The deletion of the observations and remarks should be done in such a manner as if these had never been incorporated in the judgment, the ministry emphasised.

On Dec 10 last year, a three-judge Supreme Court bench headed by former chief justice Iftikhar Muhammad Chaudhry declared that the army authorities had removed 35 persons from the Internment Centre in Malakand Garrison, out of whom only seven were produced before the court.
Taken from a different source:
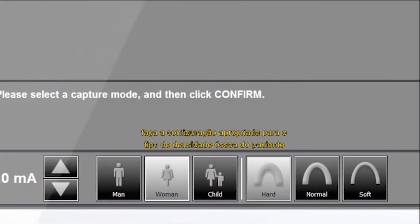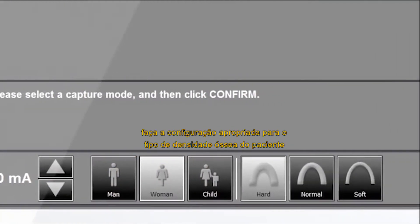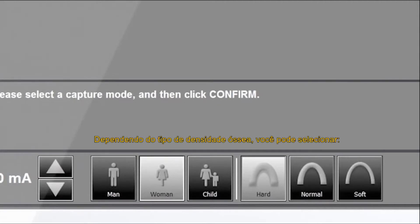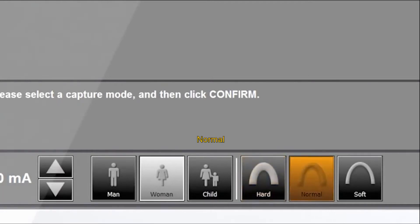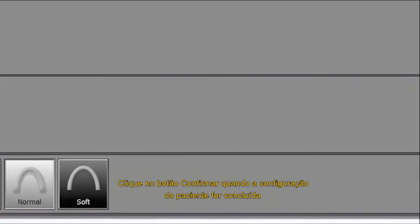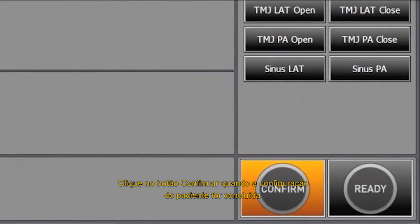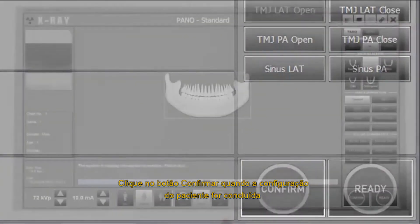Please select the appropriate setting for the patient's bone density type. Depending on the patient's bone density type, you can select hard, normal or soft. Click the confirm button when the patient setting is completed.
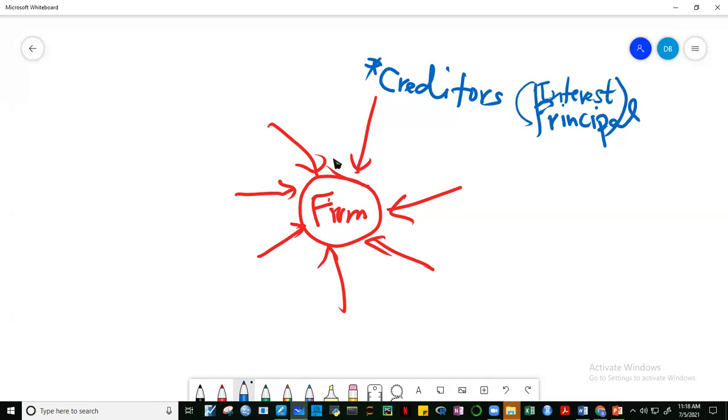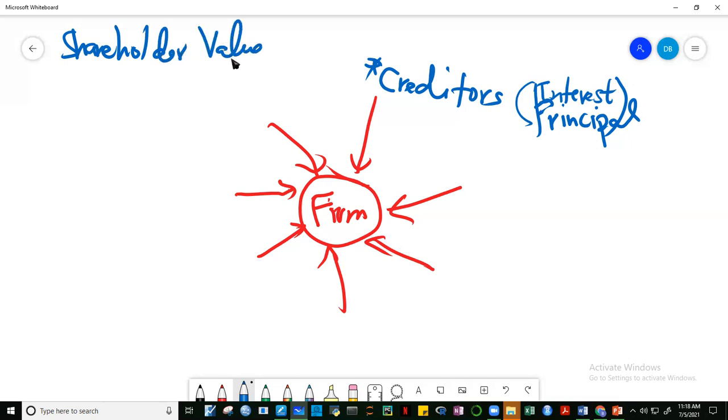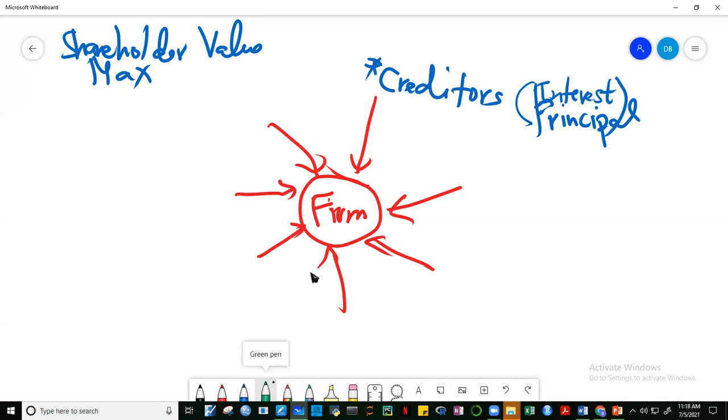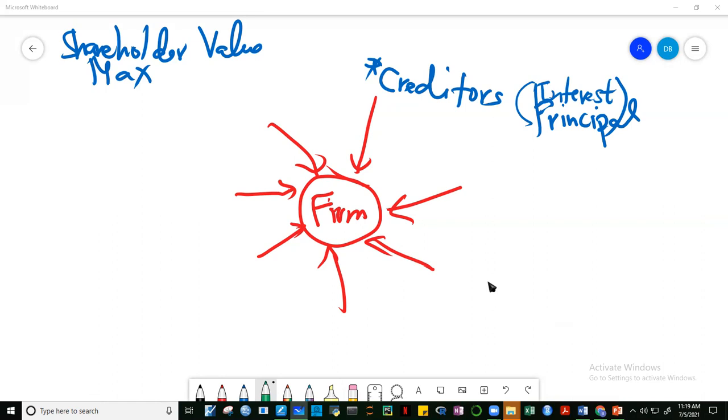Thank you, Liam. Creditors are very keen on seeing the company succeed. By the way, this is in the context of shareholder value maximization. Some people ask, why shareholder value only? Aren't there other parties concerned with the business? As Liam said, creditors. Who else?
The bench had also ordered that action be taken against the people responsible for the non-compliance of court orders.

The court had held that such practices were a serious crime against humanity.

Headed by Justice Jawwad S. Khawaja, a Supreme Court bench will also resume from Monday the proceedings in the missing Yasin Shah case on an application filed by his brother Muhabbat Shah on the basis of which the Dec 10 verdict had come.
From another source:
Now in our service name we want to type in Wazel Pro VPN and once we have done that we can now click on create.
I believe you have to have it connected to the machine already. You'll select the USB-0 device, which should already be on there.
The court at the last hearing on Jan 10 had ordered Secretary to the Prime Minister Javed Aslam to bring non-implementation of its judgment to the notice of his boss.

It also directed Chief Secretary of Khyber Pakhtunkhwa Mohammad Shahzad Arbab to inform Chief Minister Pervez Khattak about the non-compliance of the court order.

The review petition drafted by Additional Attorney General Shah Khawar highlights that the Supreme Court had failed to take into consideration that the armed forces were called in Swat and Malakand under Article 245 of the constitution to act in aid of the civil powers and to fight the worst form of terrorism in the area.

“And when the army is called to assist the civil authorities to carry out a constitutional duty, the jurisdiction of the high court as well as the fundamental rights guaranteed in the constitution are suspended.”

The judgment also entails, the petition argued, national as well as international implications and repercussions that could be detrimental to the federation of Pakistan.

Referring to the observations in the judgment that the army authorities in Pata (Provincially Administered Tribal Areas) removed 35 persons from the Malakand internment centre, out of which only seven persons were produced before the court, the petition contended that these remarks were not based on a conclusive material or evidence and relied upon by the court on “inaccurate particulars” provided by superintendent of the Malakand internment centre Attaullah when the defence ministry had clearly disputed the same for being unsubstantiated and factually incorrect.

The matter being disputed should have been termed a factual controversy by the court needing further probe but the defence ministry was not afforded any opportunity to cross examine and controvert the superintendent.

“Without proper assistance in this matter through a probe, the Pakistan Army should not have been held responsible for having detained these missing persons,” the petition said, adding that the court’s finding that those missing were with the armed forces was based on assumptions not supported by facts or record.

The petition also cited the observation in which the court had quoted an instance from the Nepal Supreme Court, which in a missing persons’ case on June 2007 had applied the principles enshrined in the convention against Enforced Disappearances 2007 despite the fact that Nepal had not ratified the same.